• Instructions for the task:
Leave out the pictures and retype, exactly, the lines below from the line with "two plants sitting" up to and including the line with "El cultivo de", nothing more.

• Short descriptive text snippets:
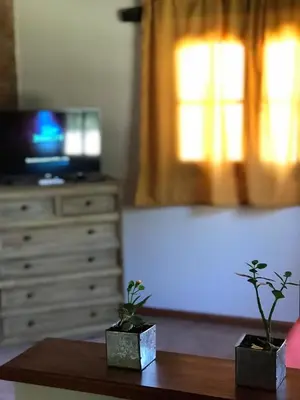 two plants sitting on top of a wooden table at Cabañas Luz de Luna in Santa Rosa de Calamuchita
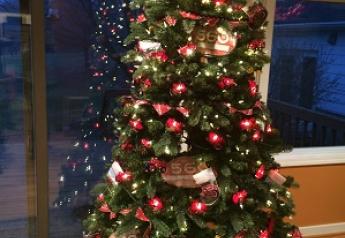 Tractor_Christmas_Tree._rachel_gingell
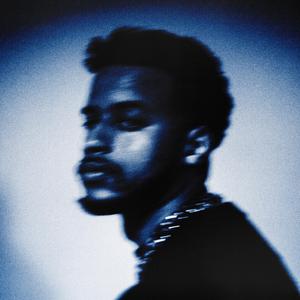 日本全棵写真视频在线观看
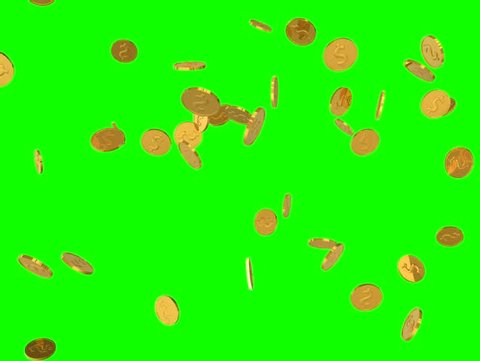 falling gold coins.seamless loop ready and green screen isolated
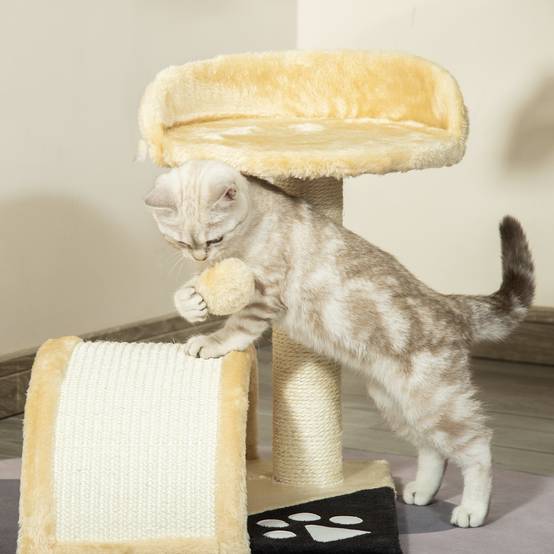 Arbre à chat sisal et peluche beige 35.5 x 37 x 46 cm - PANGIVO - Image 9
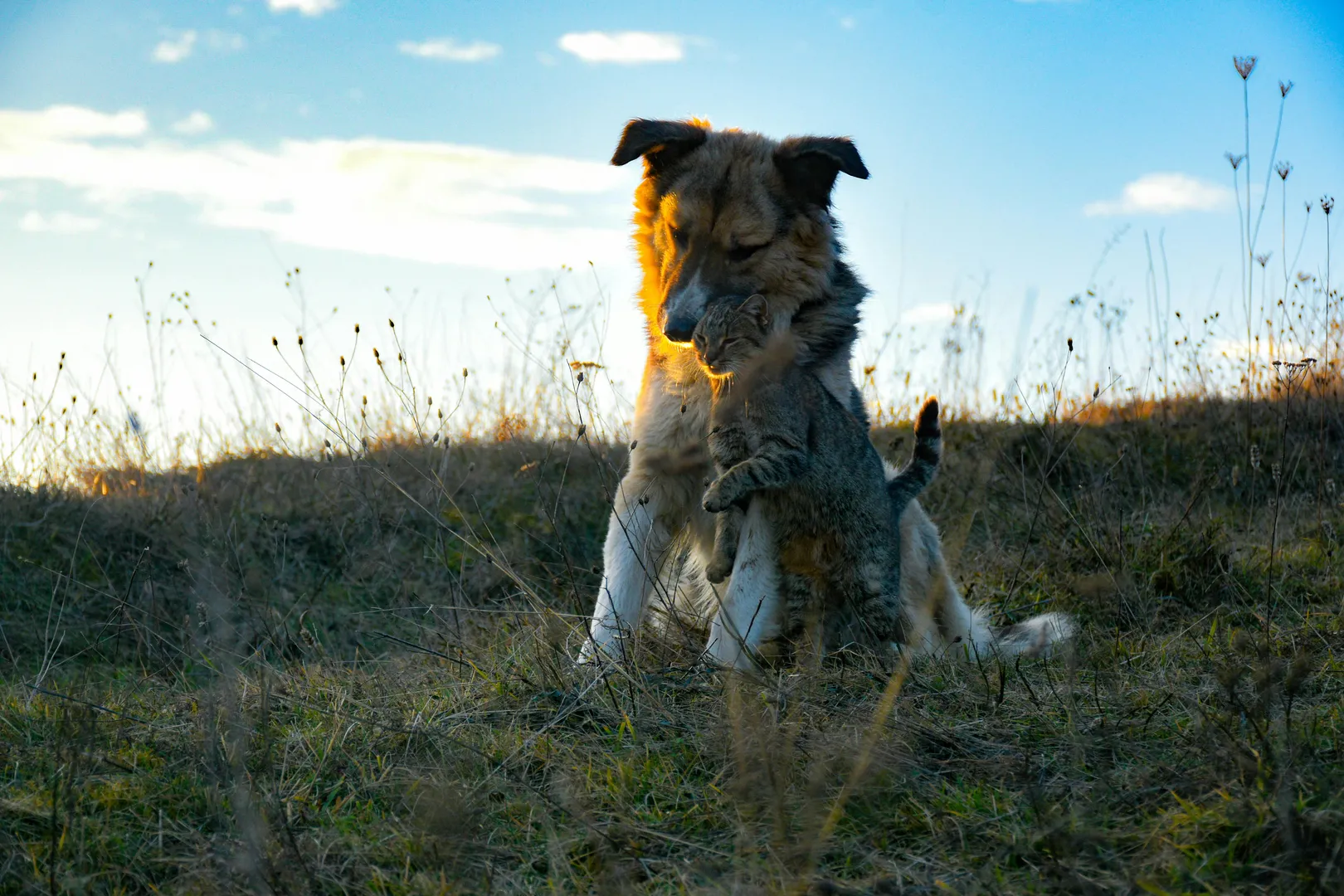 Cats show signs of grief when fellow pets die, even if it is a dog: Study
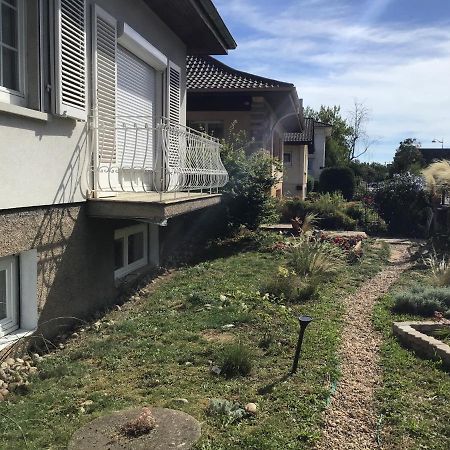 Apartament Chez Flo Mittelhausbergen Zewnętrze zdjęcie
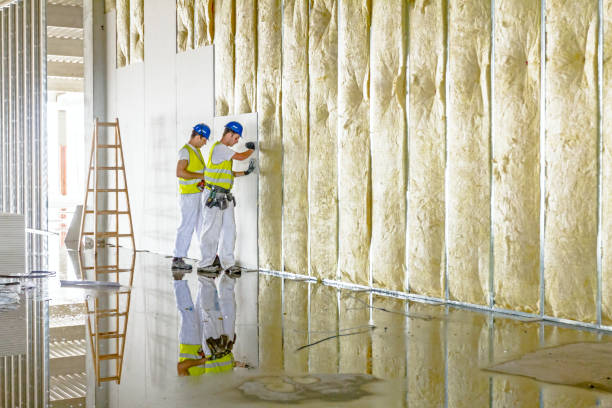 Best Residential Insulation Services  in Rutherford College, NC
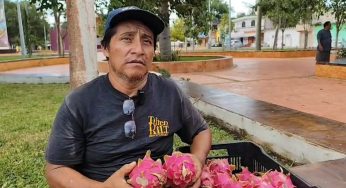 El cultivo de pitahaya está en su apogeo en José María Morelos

...

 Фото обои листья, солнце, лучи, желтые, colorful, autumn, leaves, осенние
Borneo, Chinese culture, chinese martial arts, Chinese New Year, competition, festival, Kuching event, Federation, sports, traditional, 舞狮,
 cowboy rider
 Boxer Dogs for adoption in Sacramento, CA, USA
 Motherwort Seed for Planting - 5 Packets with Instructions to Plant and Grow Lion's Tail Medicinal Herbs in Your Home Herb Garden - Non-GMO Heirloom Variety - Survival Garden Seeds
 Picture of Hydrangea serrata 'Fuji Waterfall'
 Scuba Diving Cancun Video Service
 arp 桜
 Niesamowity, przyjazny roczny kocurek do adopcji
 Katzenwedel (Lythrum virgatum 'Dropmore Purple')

• Reply:
 two plants sitting on top of a wooden table at Cabañas Luz de Luna in Santa Rosa de Calamuchita
 Tractor_Christmas_Tree._rachel_gingell
 日本全棵写真视频在线观看
 falling gold coins.seamless loop ready and green screen isolated
 Arbre à chat sisal et peluche beige 35.5 x 37 x 46 cm - PANGIVO - Image 9
 Cats show signs of grief when fellow pets die, even if it is a dog: Study
 Apartament Chez Flo Mittelhausbergen Zewnętrze zdjęcie
 Best Residential Insulation Services  in Rutherford College, NC
 El cultivo de pitahaya está en su apogeo en José María Morelos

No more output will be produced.